C’est aussi face à l’hostilité grandissante du peuple français qui supporte le fardeau de la guerre dans sa case sociale et c’est en voulant d’abord sauver la France de cette situation désastreuse que le général de Gaulle, a joué la dernière carte avec l’idée subtile de manipuler le peuple algérien en lui faisant miroiter l’instauration d’un Etat algérien par un stratagème qui consiste à isoler le FLN et coiffer le Gouvernement provisoire algérien (GPRA) en mettant sur la sellette une troisième force qui, au nom de l’Algérie algérienne, négociera avec la France. C’est ainsi que le 2 décembre 1960, dans un discours, le général de Gaulle avait parlé de la nouvelle voie qui conduit non plus à l’Algérie gouvernée, mais à l’Algérie algérienne, donc première étape de sa nouvelle stratégie qui consiste à pousser la masse à manifester dans la capitale, dont l’impact aura un écho grandissant à travers toutes les autres régions de notre pays, au slogan de l’Algérie algérienne. Pour sa réussite, ce plan fut confié au cinquième bureau français soutenu par le Mouvement pour la coopération (MPC) qui identifie le Front de l’Algérie démocratique (FAD), branche messaliste (prévu comme futur négociateur), cette tendance fut créée par Cadi Belhadj Lamine après la faillite du messalisme comme courant politique avec l’aval du gouvernement français...
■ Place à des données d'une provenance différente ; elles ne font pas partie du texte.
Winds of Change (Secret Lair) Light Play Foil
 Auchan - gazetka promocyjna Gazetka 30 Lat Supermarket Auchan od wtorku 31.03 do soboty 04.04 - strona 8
C’est ainsi que le 9 décembre 1960, à la suite d’une manifestation des ultramanipulés encouragés par le Service actions urbaines (SAU) du capitaine Bernard, des Européens provoquèrent des musulmans, à la hauteur du monoprix de Belcourt et du stade Bialèse ; une bagarre s’ensuivit et quelques heures après, une contre-manifestation submergea les ultras qui se barricadèrent chez eux. Dans cette même journée, l’effervescence se propagea vers d’autres quartiers, tels Ruisseau, Kouba, Clos Salembier et La Casbah d’Alger. Le lendemain 10 décembre, la manifestation prit de l’ampleur bien organisée et encadrée par les militants de la Wilaya III et ceux de la Wilaya IV, arborant l’emblème national, scandant « L’Algérie algérienne », « L’Algérie musulmane », « Vive le FLN, Abbas au pouvoir » allusion au président du GPRA, par un déferlement sans précédent. Bab El Oued, qui était le fief des pieds-noirs, fut envahi par une foule déployant des drapeaux vert et blanc frappés du croissant. Telle une traînée de poudre, les manifestations se propagèrent à travers tout le territoire national.

Le peuple algérien a démontré qu’il n’était pas dupe, déjouant le complot ourdi par le général de Gaulle, en criant son attachement au GPRA comme étant le seul interlocuteur valable. Le 11 décembre 1960, comprenant que ses plans étaient déjoués, l’armée tenta vainement d’arrêter l’étendue de la manifestation qui a dépassé l’objectif assigné en tirant sur la foule à bout portant ; il y a eu certes beaucoup de morts et de blessés, mais leurs sacrifices ont été le témoignage de leur attachement à la révolution pour la libération de notre pays. Ce poids considérable avait permis de mettre en relief le GPRA sur la scène internationale comme seul représentant du peuple algérien et toutes les propagandes de l’Algérie française prêchées par les diverses tendances ultras se sont effondrées et, après la motion de l’ONU en date du 20 décembre 1960, la représentativité du GPRA ne fut plus remise en question.

Malgré ce pas immense vers la victoire, la lutte fut encore longue, il y a eu encore deux années de résistance armée et beaucoup de sacrifices et la répression s’abattait sur notre peuple ; c’était une période cruciale, mais c’était aussi le dernier soubresaut de la République française en Algérie.